As a surgeon, I have on multiple occasions been rejected from doing a semi elective case because of npo status. ER patient that needs drainage of abscess for example.
So at my shop the ER are sorta cowboys. So rather than wait 6 hours after they had cream and coffee, I ask my Er colleagues to sedate them and it's always been great.
This year their guidelines back them up.... See below.
You think they are nuts? Or is anesthesia behind the game?
http://www.acep.org/workarea/DownloadAsset.aspx?id=93816
I think they're sort of nuts, and here's why:
In their discussion of "does preprocedural fasting demonstrate a reduction in the risk of emesis or aspiration" they note
Any adverse events (vomiting or adverse respiratory event) occurred in 12.0% in the 0- to 2-hour group, 16.4% in the 2- to 4-hour group, 14.0% in the 4- to 6-hour group, 14.6% in the 6- to 8-hour group, and 14.5% in the greater than 8 hours group.
In the anesthesia world none of these adverse event rates would be acceptable. Seriously, a 12 - 15% adverse event rate? Really? They're pointing at the fact that an adverse event rate of 12% in the non-fasted 0-2h group isn't much different than the 14.5% rate in the >8h group ... hooray? Don't you think that an adverse event rate over 1 in 10 just isn't acceptable at all? (They do go on to claim 0 aspiration events in 1555 patients.)
No wonder they think we're too conservative, if adverse events in a tenth of their patients are part of their normal daily practice.
Next up, "257 pediatric patients undergoing procedural sedation with ketamine" showed emesis rates of 6.6% in the <1h, 14.0% in 1-2h, and 15.7% in >3h fasting groups. It's a total puke-o-rama. Whatever they're doing, they're making an awful lot of their patients throw up.

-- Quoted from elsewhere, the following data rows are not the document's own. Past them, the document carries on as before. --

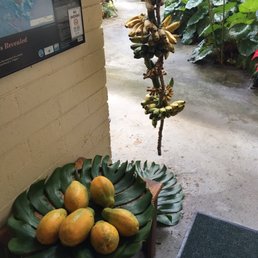 Fresh papayas and bananas & banana bread and coffee available for breakfast each day. You have to bring coffee cups from the room.
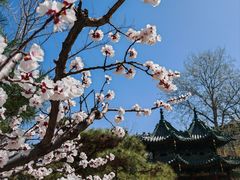 -晋商博物院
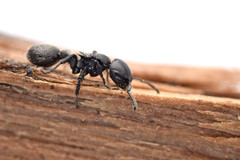 Procryptocerus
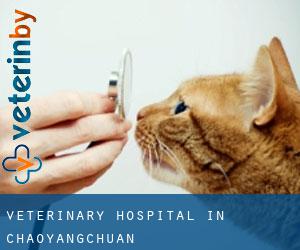 Veterinary Hospital in Chaoyangchuan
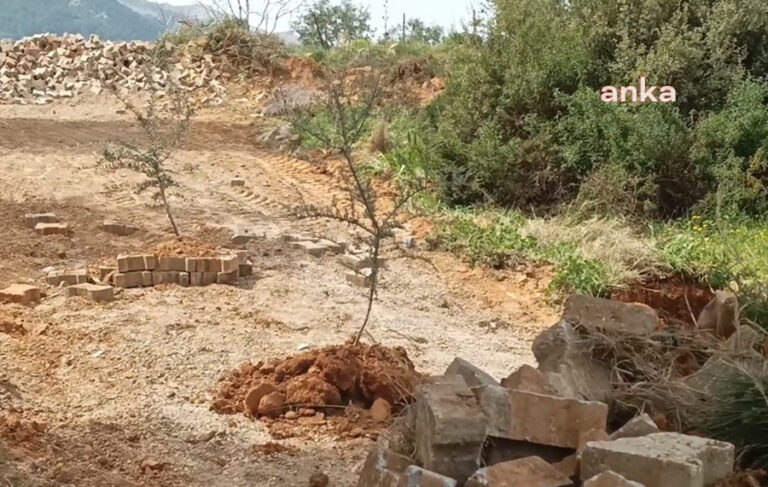 Seçimi kaybeden muhtar ‘tapulu arazim’ diyerek yoldaki parkeleri söküp ağaç dikti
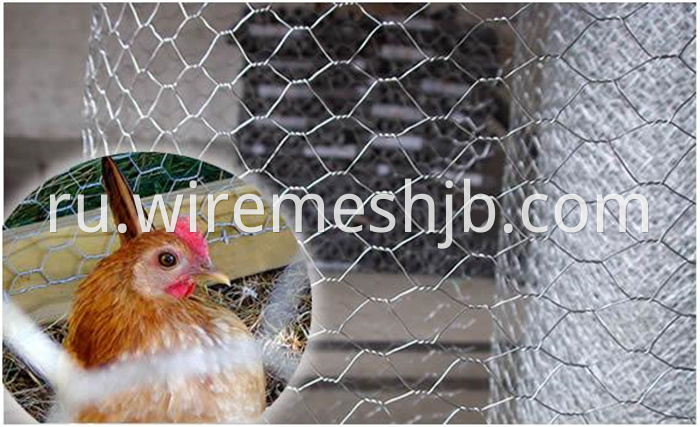 Galvanized Chicken Wire Mesh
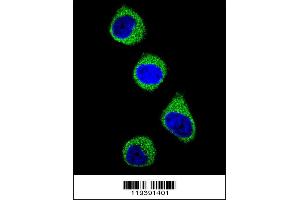 Confocal immunofluorescent analysis of M with 293 cell followed by Alexa Fluor 488-conjugated goat anti-rabbit lgG (green). (MTHFD1 抗体  (AA 535-562))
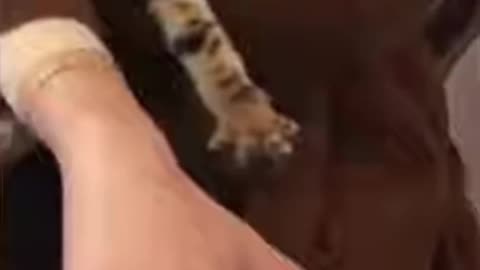 “Laugh Therapy 🤣 The Funniest Dog & Cat Clips Ever”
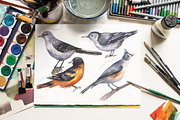 Backyard Birds of North America, an Animal Illustration by FITALARTSNEDIGI (Thumbnail 5 of 8)
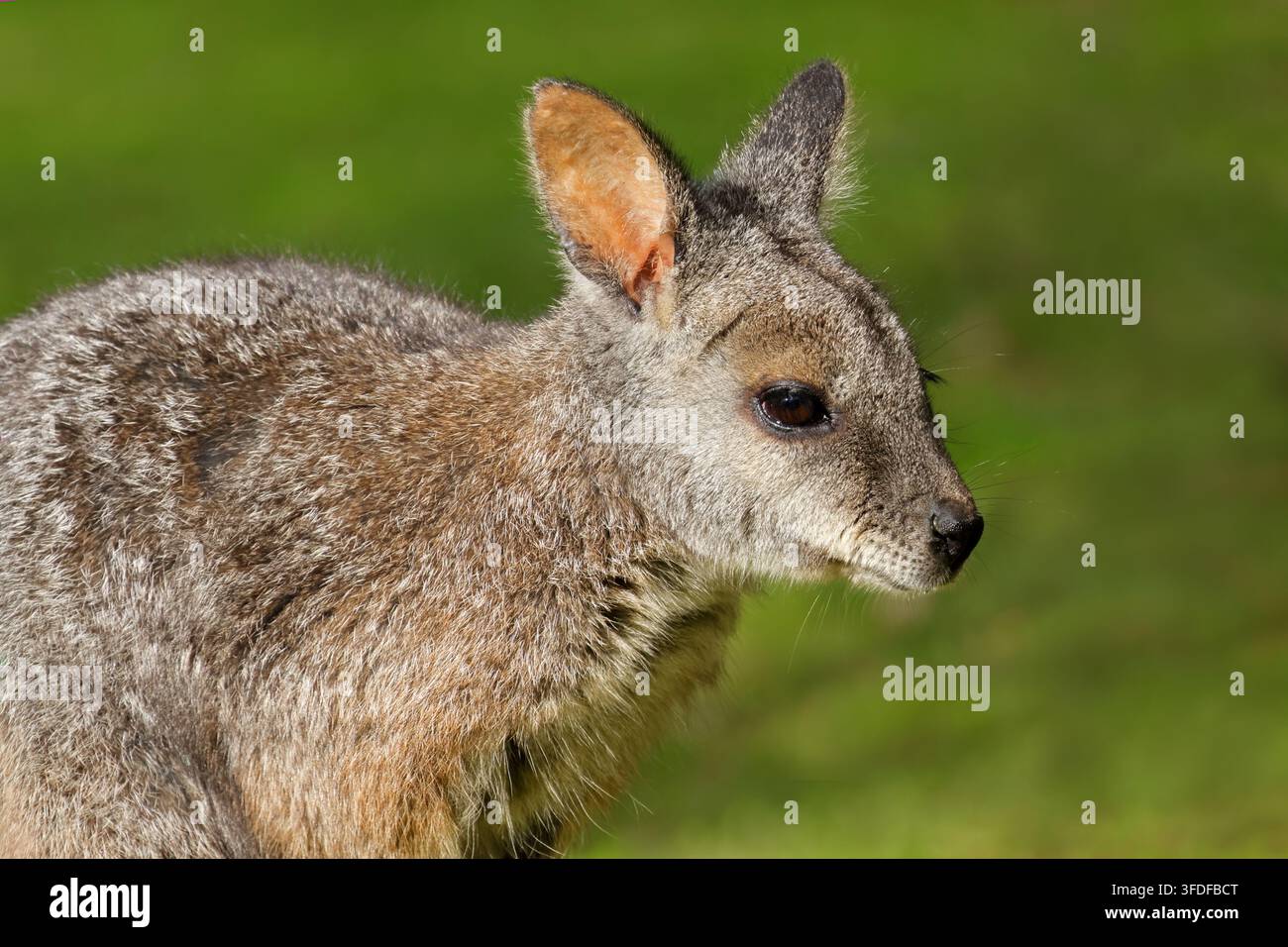 Ritratto di un wallaby tammar (Notamacropus eugenii) seduto nell'habitat naturale, Australia meridionale Foto Stock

I think the reason the ER gets away with ignoring NPO guidelines has a lot to do with their sedation (aka general anesthesia) technique, which typically doesn't involve airway instrumentation. In truth, they probably aren't causing
many really bad aspiration injuries; we on the other hand really can't cause
any given our standards. Plankton nailed it with his post in this thread - our standard of care is different than theirs. We don't tolerate aspiration injuries as the normal cost of doing business.
Furthermore, I think they get away with playing loose with NPO guidelines because of ER culture ...

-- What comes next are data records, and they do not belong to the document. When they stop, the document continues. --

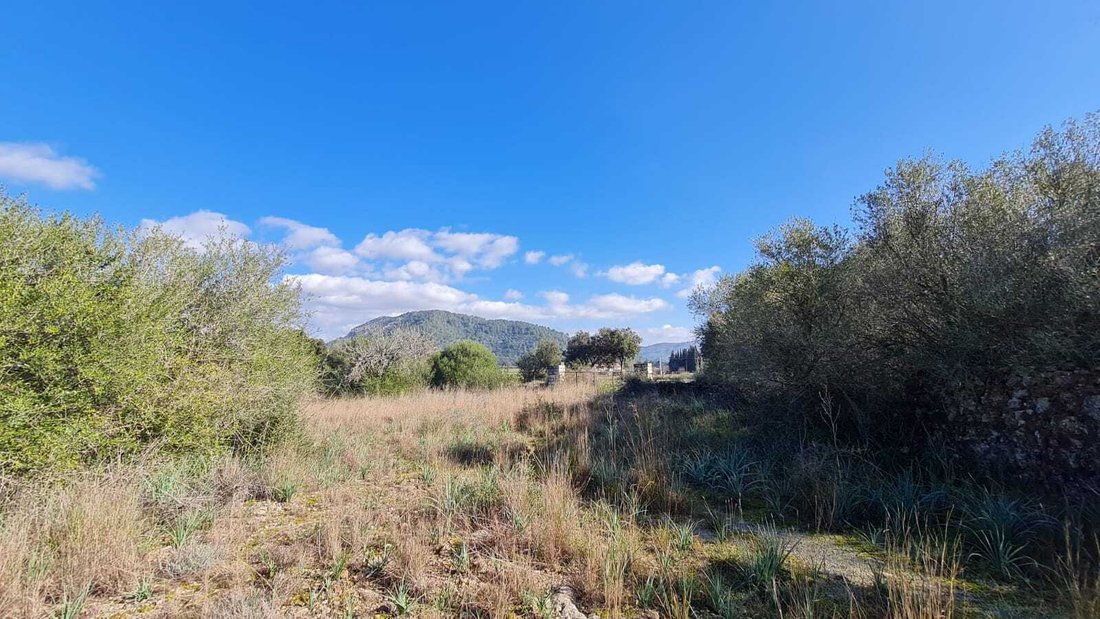 Land in sa Pobla, Balearic Islands, Spain 1 - 13039178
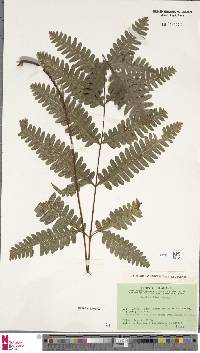 Pteris amoena image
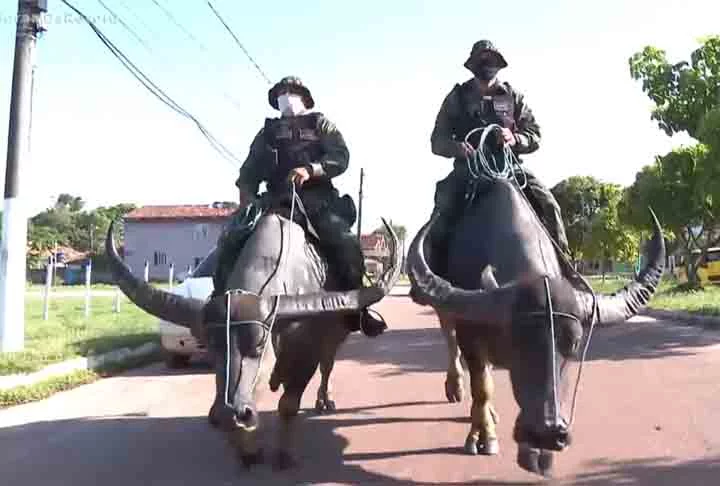 O búfalo como atrativo para aproxima a Polícia Militar do Pará ao turista e, naturalmente, à população local, já que o animal é o símbolo do Marajó e o policiamento ostensivo se alinha com esse aspecto cultural da região.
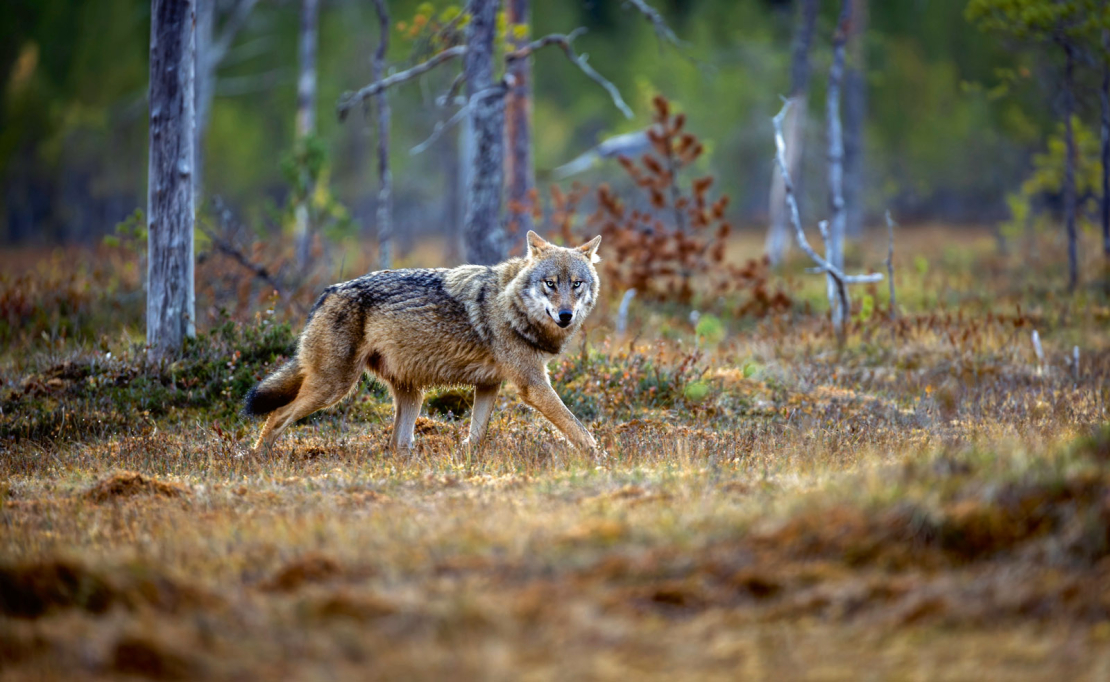 Vilks.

1) ER complications are tolerated and explained away as "well it was an emergency, the patient was really sick" ... I've seen this
often, especially with "difficult" intubations. I truly, genuinely believe that the ER manufactures an unacceptable number of their adverse airway events out of nothing.
2) ER complications are not detected because the sick patients leave the ER pretty quickly ... aspiration isn't always immediately catastrophic, it evolves, and we see it when we take these patients to the OR or ICU
Yes, I am painting with a broad brush, and I don't really mean to malign our EM colleagues ... but it's a different world down there. They have a fundamentally different attitude toward risk, complications, and safety.
The reason anesthesia is as safe as it is today is because we (as a specialty) took a very hard line toward safety a couple decades ago. You won't see the ASA change NPO guidelines because the ER thinks they're getting away with an acceptably low adverse event rate.